11,000 W / 240 V = 45.8333 A

So you'll need a 50 ampere breaker, and wire sized appropriately for the load.

Note 3

Note 3 says:

3. Over 1 3⁄4 kW through 8 3⁄4 kW. In lieu of the method provided in Column C, it shall be permissible to add the nameplate ratings of all household cooking appliances rated more than 1 3⁄4 kW but not more than 8 3⁄4 kW and multiply the sum by the demand factors specified in Column A or Column B for the given number of appliances. Where the rating of cooking appliances falls under both Column A and Column B, the demand factors for each column shall be applied to the appliances for that column, and the results added together.

Perfect, so instead of just using the value from column C you can do math. Let's step through it.

...it shall be permissible to add the nameplate ratings of all household cooking appliances rated more than 1 3⁄4 kW but not more than 8 3⁄4 kW...

8.4 kW + 5.0 kW = 13.4 kW

...and multiply the sum by the demand factors specified in Column A or Column B for the given number of appliances...

Let's check the table again... You have 2 appliances, both between 3 1/2 and 8 3/4 kW. So You'll look at column B, and find 65%.

13.4 kW * 65% = 8.71 kW

8710 W / 240 V = 36.2916 A

So using this method you can use a 40 ampere breaker, and appropriately sized wire. However, keep in mind that if you change the equipment, you'll have to do the calculation again. So while you can use this value, you may have to upgrade the circuit later if you change equipment.

Note 4

I'm not exactly sure how note 4 comes into play, but I think it can be used if this is the only equipment on the branch circuit. Just for fun, let's run through that one too.

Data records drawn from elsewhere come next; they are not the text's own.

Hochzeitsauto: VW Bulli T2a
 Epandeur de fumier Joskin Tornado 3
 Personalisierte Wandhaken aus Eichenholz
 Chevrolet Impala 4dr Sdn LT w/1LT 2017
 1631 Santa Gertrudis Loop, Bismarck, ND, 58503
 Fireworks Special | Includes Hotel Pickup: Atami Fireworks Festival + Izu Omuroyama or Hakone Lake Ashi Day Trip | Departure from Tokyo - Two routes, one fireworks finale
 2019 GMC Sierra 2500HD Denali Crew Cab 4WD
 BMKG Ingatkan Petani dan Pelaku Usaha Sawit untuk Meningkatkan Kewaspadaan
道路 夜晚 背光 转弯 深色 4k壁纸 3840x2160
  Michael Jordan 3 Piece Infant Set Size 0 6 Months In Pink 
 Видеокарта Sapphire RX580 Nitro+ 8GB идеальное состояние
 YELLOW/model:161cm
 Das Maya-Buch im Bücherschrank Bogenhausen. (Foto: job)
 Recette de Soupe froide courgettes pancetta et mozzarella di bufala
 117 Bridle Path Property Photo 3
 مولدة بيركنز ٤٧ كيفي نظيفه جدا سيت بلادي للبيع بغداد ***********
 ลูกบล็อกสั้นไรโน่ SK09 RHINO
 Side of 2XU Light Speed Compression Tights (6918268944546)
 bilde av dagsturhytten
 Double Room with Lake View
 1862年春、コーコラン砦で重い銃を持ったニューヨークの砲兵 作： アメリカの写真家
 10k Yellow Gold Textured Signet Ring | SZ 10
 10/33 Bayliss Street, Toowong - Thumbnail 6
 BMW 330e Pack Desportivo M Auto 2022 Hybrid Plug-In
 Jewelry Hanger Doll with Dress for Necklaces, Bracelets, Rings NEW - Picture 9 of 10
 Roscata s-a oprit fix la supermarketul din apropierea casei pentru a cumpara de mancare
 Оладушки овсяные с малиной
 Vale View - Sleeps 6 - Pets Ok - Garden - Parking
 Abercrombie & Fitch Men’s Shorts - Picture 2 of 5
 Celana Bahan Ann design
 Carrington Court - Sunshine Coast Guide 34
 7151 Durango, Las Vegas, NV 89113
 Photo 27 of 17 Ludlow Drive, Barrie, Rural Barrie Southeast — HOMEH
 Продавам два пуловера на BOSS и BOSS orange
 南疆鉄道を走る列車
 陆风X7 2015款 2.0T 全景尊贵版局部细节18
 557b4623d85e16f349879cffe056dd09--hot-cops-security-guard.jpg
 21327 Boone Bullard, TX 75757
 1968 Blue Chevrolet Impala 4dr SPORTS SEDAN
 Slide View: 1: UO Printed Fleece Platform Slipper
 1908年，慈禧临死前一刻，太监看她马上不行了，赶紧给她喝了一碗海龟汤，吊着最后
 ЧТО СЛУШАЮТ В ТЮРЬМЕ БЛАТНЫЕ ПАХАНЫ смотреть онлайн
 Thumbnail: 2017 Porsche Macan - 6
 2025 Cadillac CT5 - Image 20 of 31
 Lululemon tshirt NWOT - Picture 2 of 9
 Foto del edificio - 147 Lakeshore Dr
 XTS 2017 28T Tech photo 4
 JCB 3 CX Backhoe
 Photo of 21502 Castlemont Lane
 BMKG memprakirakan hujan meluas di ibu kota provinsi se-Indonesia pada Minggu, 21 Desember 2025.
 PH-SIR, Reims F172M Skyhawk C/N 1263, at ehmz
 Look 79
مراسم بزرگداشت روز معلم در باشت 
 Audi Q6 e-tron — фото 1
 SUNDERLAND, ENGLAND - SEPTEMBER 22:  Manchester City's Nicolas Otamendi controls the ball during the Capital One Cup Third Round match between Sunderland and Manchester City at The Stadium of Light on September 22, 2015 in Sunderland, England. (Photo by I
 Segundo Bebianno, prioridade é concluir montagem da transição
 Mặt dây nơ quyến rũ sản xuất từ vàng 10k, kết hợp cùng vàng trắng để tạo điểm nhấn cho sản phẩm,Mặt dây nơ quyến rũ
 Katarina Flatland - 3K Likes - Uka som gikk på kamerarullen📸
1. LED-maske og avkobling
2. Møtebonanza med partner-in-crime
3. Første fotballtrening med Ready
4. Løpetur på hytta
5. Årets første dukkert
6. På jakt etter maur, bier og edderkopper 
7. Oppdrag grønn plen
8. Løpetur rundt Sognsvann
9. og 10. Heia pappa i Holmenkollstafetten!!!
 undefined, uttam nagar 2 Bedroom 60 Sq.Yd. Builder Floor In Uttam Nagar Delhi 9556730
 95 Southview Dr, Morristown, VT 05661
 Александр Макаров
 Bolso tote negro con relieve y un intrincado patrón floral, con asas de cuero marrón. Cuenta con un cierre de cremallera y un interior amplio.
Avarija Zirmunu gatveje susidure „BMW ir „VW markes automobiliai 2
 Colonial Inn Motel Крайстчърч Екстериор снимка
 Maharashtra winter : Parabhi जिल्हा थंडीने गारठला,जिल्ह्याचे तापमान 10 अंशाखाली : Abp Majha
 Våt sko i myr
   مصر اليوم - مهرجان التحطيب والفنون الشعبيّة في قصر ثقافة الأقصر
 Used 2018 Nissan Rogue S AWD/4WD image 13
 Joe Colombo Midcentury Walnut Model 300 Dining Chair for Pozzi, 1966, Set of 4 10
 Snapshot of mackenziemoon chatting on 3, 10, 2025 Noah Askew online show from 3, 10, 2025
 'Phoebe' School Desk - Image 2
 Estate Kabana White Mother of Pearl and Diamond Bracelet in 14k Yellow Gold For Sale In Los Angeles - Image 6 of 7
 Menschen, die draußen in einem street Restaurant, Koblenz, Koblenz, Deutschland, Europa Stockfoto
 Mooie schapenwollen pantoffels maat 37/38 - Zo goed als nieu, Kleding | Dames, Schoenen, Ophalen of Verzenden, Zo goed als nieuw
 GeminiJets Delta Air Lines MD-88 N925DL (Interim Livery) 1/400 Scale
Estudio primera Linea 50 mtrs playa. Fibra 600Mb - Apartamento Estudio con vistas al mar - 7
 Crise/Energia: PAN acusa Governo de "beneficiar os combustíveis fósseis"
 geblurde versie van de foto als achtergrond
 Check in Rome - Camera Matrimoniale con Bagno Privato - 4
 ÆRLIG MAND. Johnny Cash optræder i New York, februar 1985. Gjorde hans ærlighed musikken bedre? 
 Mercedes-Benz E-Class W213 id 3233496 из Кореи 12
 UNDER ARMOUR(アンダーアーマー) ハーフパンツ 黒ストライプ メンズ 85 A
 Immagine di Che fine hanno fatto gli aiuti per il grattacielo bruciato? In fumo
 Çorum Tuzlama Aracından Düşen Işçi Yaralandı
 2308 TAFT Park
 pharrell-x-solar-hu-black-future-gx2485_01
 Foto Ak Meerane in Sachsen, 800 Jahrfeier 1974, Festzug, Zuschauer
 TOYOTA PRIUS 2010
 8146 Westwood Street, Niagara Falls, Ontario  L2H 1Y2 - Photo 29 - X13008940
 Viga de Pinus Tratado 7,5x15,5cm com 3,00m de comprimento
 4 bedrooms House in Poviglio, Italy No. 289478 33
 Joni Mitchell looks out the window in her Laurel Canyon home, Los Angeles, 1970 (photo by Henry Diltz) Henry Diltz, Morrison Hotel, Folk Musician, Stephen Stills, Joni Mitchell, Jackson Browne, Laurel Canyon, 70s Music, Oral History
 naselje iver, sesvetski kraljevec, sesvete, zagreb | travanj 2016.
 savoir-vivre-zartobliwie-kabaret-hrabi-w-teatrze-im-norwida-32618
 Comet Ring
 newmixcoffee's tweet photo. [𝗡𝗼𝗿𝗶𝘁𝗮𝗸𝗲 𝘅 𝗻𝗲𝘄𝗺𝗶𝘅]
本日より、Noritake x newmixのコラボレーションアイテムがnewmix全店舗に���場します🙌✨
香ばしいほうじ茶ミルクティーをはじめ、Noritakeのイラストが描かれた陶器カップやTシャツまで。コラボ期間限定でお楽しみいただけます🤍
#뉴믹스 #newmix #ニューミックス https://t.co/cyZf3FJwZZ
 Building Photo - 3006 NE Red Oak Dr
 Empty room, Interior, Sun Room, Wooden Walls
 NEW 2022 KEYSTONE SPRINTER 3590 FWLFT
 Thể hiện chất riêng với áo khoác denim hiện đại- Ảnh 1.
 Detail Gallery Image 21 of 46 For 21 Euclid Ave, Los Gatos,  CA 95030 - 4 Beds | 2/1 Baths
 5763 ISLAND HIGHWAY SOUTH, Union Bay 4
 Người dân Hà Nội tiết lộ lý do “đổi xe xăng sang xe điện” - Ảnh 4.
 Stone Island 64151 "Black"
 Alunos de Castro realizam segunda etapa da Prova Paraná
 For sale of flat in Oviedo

4. Branch-Circuit Load. It shall be permissible to calculate the branch-circuit load for one range in accordance with Table 220.55. The branch-circuit load for one wall-mounted oven or one counter-mounted cooking unit shall be the nameplate rating of the appliance. The branch-circuit load for a counter-mounted cooking unit and not more than two wall-mounted ovens, all supplied from a single branch circuit and located in the same room, shall be calculated by adding the nameplate rating of the individual appliances and treating this total as equivalent to one range.

You're only concerned with the second half of this note, since you have one counter-mounted cooking unit, and one wall-mounted oven, all supplied by a single branch-circuit, and located in the same room. So you can add the nameplate values, and treat it as a single range.

8.4 kW + 5.0 kW = 13.4 kW

So you can treat the units as a single 13.4 kW range. Check the column C again, this time for a single range. You'll find a value of 8 kW. But wait... The column header says "(Not over 12 kW Rating)". Your range is 13.4 kW. That's bigger than 12 kW. Now you'll have to check note 1

1. Over 12 kW through 27 kW ranges all of same rating. For ranges individually rated more than 12 kW but not more than 27 kW, the maximum demand in Column C shall be increased 5 percent for each additional kilowatt of rating or major fraction thereof by which the rating of individual ranges exceeds 12 kW.

That's easy enough.

13.4 kW - 8 kW = 5.4 kW

Since .4 is not a "major fraction", you can just use 5 kW. So you'll have to add 5% 5 times.

5% * 5 = 0.25
8000 W * 0.25 = 2000 W
8000 W + 2000 W = 10,000 W

That means you'll have to use 10 kW as your demand.

10,000 W / 240 V = 41.666 A

Which means you can use a 50 ampere breaker, and appropriately size wire.